One client, we'll call him Mr. P, has been bringing his pets to us for several years.  One of them is a very sweet but grossly obese mixed breed dog.  More than a year ago she developed a mass in her mammary gland and it has grown rather large since then.  In recent months it has begun opening up and draining due to tissue damage in the center.  The dog is 15 years old, has a heart murmur, and isn't in great health, so she isn't a good candidate for a radical mastectomy.  Unfortunately, surgery is the only way to resolve the problem.
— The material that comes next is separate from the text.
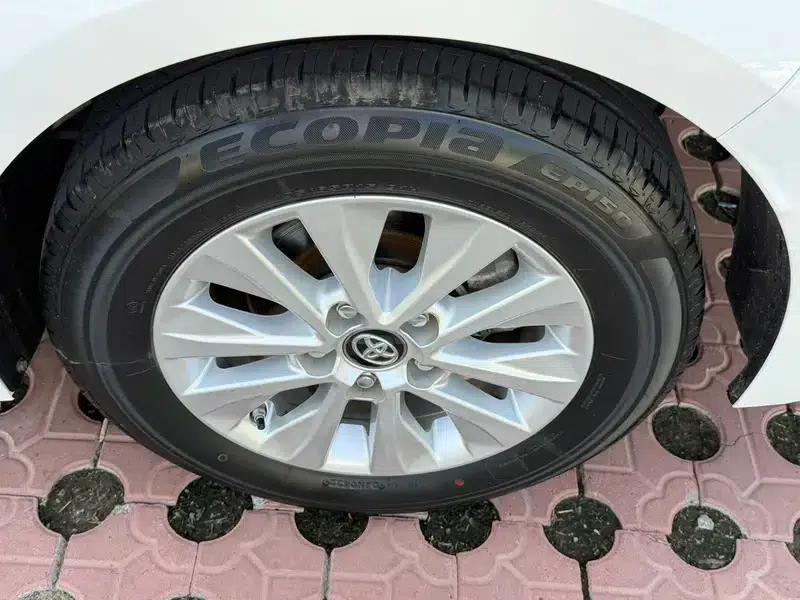 2021 Toyota Corolla 1.5L CVT Elite Edition — миниатюра 12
Recently she was taken to a neighboring grooming salon that we work with.  They brought her over to me because the mass was open and nasty.  When I looked at her it was worse than when I had seen her two months before, with the center open larger and the surface skin eroding.  I cleaned it up as best as I could, called Mr. P, and told him what was going on.  As before, I had reiterated that there was nothing we could permanently do other than surgery.  However, we would try some antibiotics and antiinflammatories to help it a little.  He was okay with that, agreed to the treatment, and picked her up a little later in the day.
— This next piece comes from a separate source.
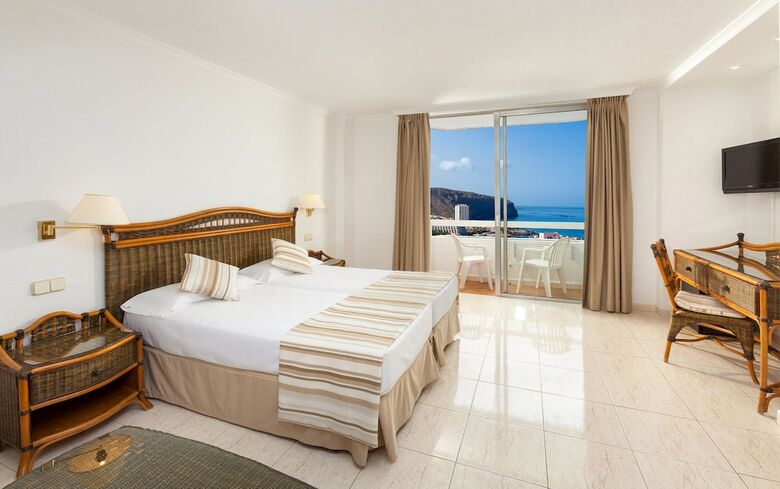 Hotel Sol Arona Tenerife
This day was particularly crazy for me.  I was the only doctor on staff and we had a ton of patients.  I ended up seeing 31 pets that day, when a typical schedule is for 18-20.  This meant that I never stopped, didn't take any breaks, and ate my lunch while putting in medical notes.  I was absolutely swamped and barely had time to take a breath. 
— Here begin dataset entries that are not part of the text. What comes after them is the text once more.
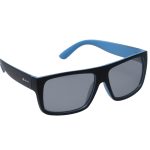 Mikado Sunglasses - Polarized - Grey Mirror Effect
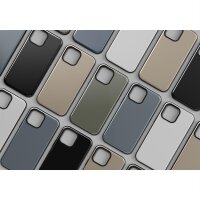 Nomad Sport Case Lunar Gray MagSafe für iPhone 13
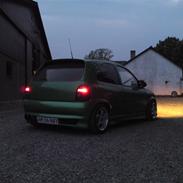 Opel Corsa 16V SOLGT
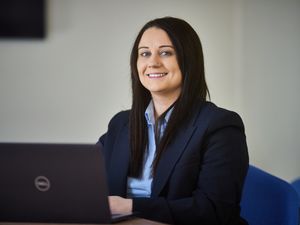 Supporting image for story: Staffordshire law firm bolsters its residential conveyancing team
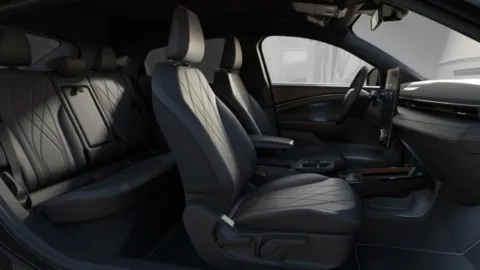 More photos of 2025 Ford Mustang Mach-E Select at Mossy Ford, CA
Mr. P calls and speaks to my receptionist, saying that his dog's mass was oozing.  He wanted to speak to me for just a few seconds to find out what to do.  I simply didn't have any time to spare as I had all exam rooms full and dropped-off patients I still hadn't seen.  I had them tell him that I'd call him back later, which wasn't good enough for him.  He got mad on the phone and said that he'd be right down with her.  When they told me this I sighed and prepared for a rough afternoon.
When Mr. P came in I had all four exam rooms full with appointments.  He saw me through the window of one and knocked on the door, which I ignored since I was in the middle of an exam on another pet.  As soon a room opened up my staff put him in there, but I had scheduled appointments and continued to see them.  By the time I was able to go into the room with Mr. P and his dog, he had been waiting about an hour.  Remember that he had just shown up, even though he had been told that we were very busy.
When I finally walked into the room Mr. P was quite mad.  As we started talking he became verbally abusive, talking about "g*dd**n" this and "f***ing" that.  He also said that he was being treated like a third class citizen.  I could see that we weren't going to get very far, so I stopped him and told him that if he continued to speak like that I was going to ask him to leave.
I'm a very patient guy and have learned to handle stress and frustrated clients.  But there is no reason for anyone to stand up and simply take cursing and abuse, no matter who is doing it to them.  I've always told my staff that they don't have to put up with people acting that way, and I'll back them up.  Over the years I've had clients get that abusive on the phone, but rarely in person.  In either case, it's not acceptable to me.  Having a conversation is one thing, but yelling back and forth is quite another.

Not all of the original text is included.